**DATA PROVIDED**

BEGIN

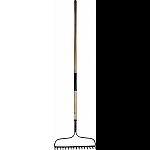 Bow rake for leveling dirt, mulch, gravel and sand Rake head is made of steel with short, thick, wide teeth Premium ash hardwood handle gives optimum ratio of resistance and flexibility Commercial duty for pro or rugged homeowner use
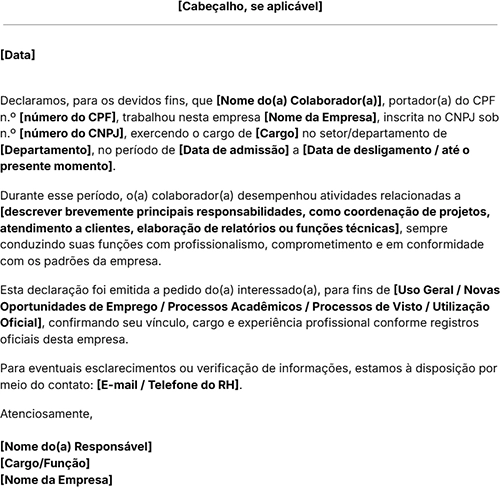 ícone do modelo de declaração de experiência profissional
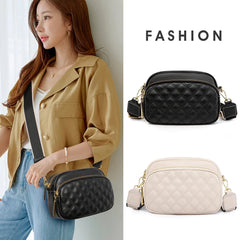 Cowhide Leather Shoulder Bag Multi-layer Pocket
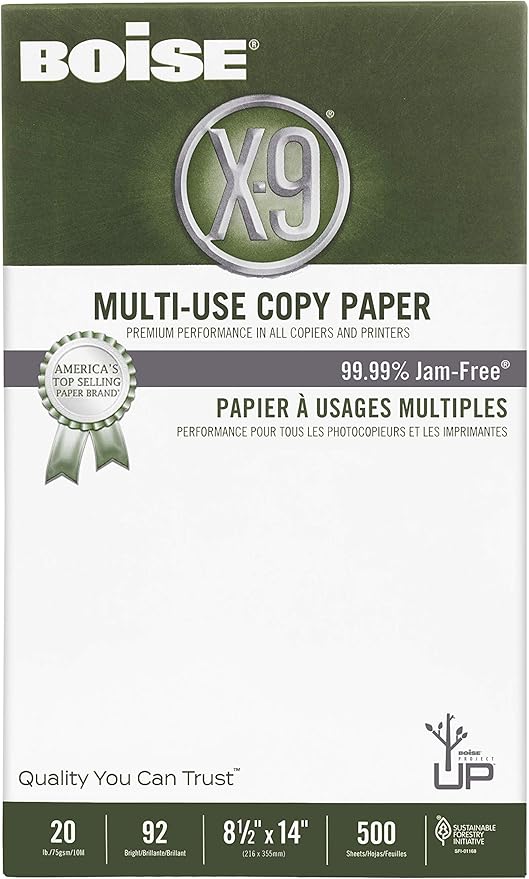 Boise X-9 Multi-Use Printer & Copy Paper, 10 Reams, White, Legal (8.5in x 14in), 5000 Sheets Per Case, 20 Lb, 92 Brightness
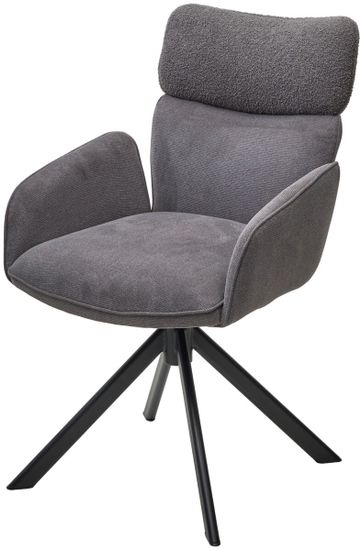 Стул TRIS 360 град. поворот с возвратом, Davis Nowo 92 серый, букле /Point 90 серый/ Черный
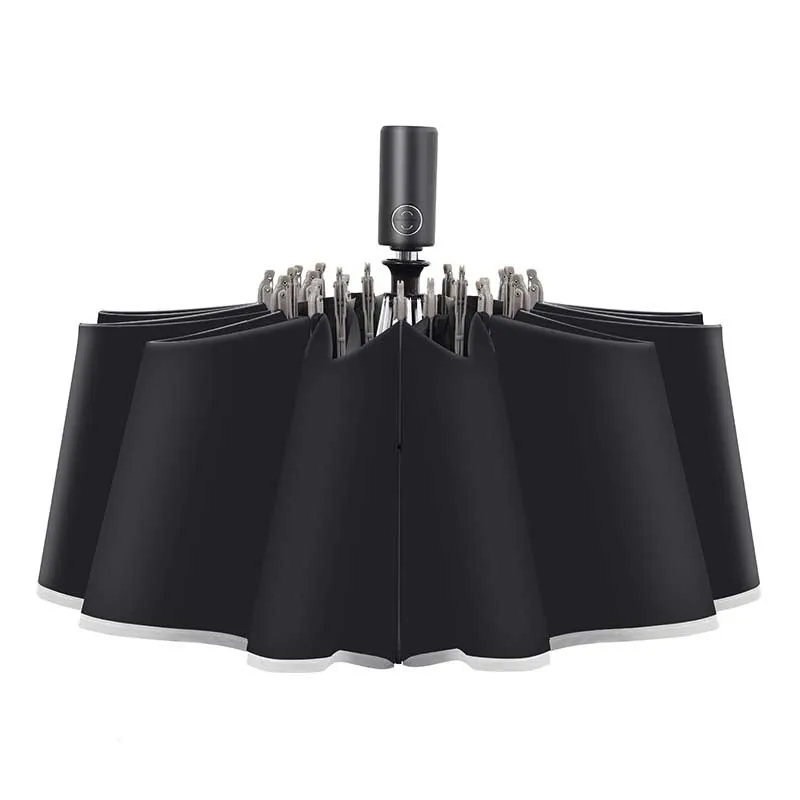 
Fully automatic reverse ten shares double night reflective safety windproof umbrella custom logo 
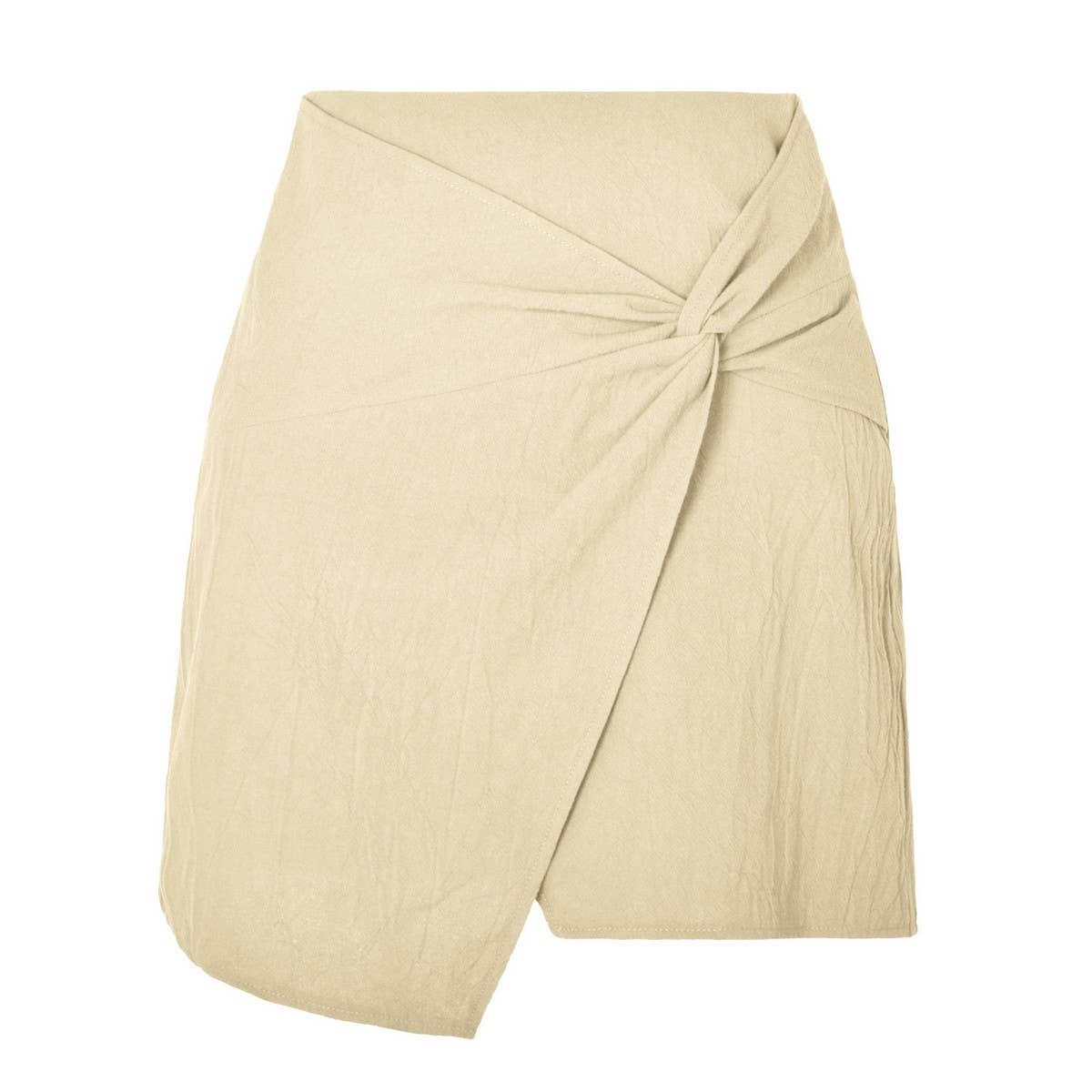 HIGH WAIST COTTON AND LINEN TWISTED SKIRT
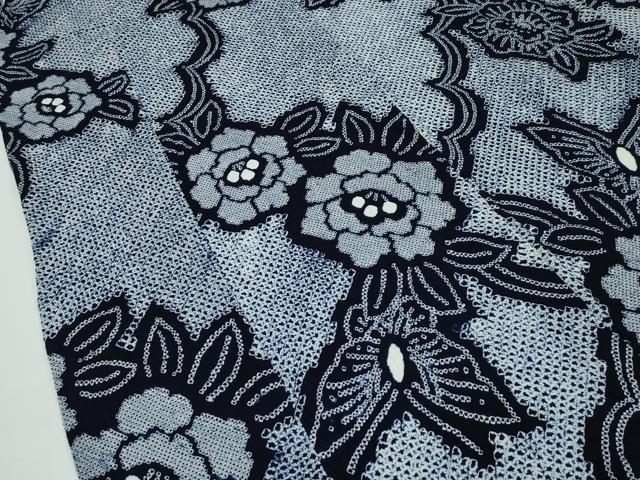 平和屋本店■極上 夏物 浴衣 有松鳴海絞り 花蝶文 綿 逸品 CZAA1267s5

END
BEGIN

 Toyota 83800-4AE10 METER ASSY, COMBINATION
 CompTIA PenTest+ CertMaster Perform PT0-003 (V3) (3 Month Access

END

**WHAT TO DO**
Above are some records; quote exactly and only the lines that begin at the line containing "Стул TRIS 360" and stop after the line containing "平和屋本店■極上 夏物 浴衣 有松鳴海絞り 花蝶文 綿 逸品 CZAA1267s5", leaving out the pictures.

**TASK RESPONSE**
 Стул TRIS 360 град. поворот с возвратом, Davis Nowo 92 серый, букле /Point 90 серый/ Черный
Fully automatic reverse ten shares double night reflective safety windproof umbrella custom logo 
 HIGH WAIST COTTON AND LINEN TWISTED SKIRT
 平和屋本店■極上 夏物 浴衣 有松鳴海絞り 花蝶文 綿 逸品 CZAA1267s5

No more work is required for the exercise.